Transparent | The Speaker That Shows Its Work

Most speakers hide everything. Drivers behind grilles, wiring inside sealed cabinets, components treated as something to be concealed. Transparent Sound, a Stockholm studio founded by Per Brickstad and Martin Willers, made the opposite decision: show all of it.

The Transparent Speaker is built from a single aluminium frame holding tempered glass panels. Inside: speaker cones, a digital amplifier, air in the cabinet. Nothing more. Because nothing is hidden, every component has to justify its presence visually as well as acoustically. The wiring is routed clean. The drivers and structural joints are isolated with rubber and silicone to prevent the glass from resonating. Tempered glass is acoustically inert, which means the material that makes the object visible is also what keeps it honest-sounding.

Designed for disassembly
The most considered decision Transparent Sound made isn't visible in the object. It's in how the object is meant to exist over time. The construction is fully modular, designed to be taken apart, not because it will break, but because technology will change. A compartment in the base holds and powers wireless upgrade modules, allowing the speaker to stay current without being replaced entirely.

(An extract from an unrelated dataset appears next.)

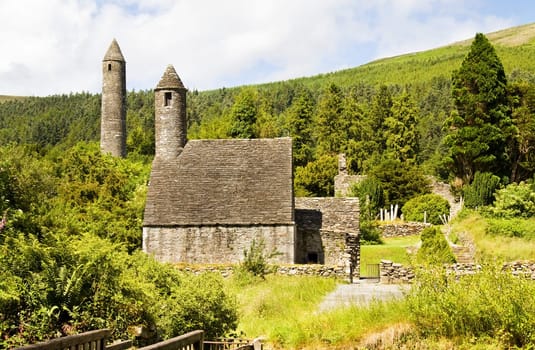 Saint Kevin Church (Kitchen) is a symbol of Ireland and part of Glendalough (Gleann Da Loch) Heritage Center in the Wicklow Mountains. The early monastic settlement was built around the years 500 and includes a famous Round Tower about 30 m high.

"Why wouldn't we be able to appreciate a tech object in the same way we appreciate a designer chair or a craft object?" — Per Brickstad
The name carries the same logic in three directions. In acoustics, a transparent system stays true to the recording: accurate reproduction, nothing added. As a design principle, it means showing the construction rather than dressing it up. As a business position, it's a commitment to making products that are good all the way through.

Consumer electronics tend to age badly. Transparent Sound's bet is that an object honest enough about what it is, and modular enough to be updated rather than discarded, can escape that cycle.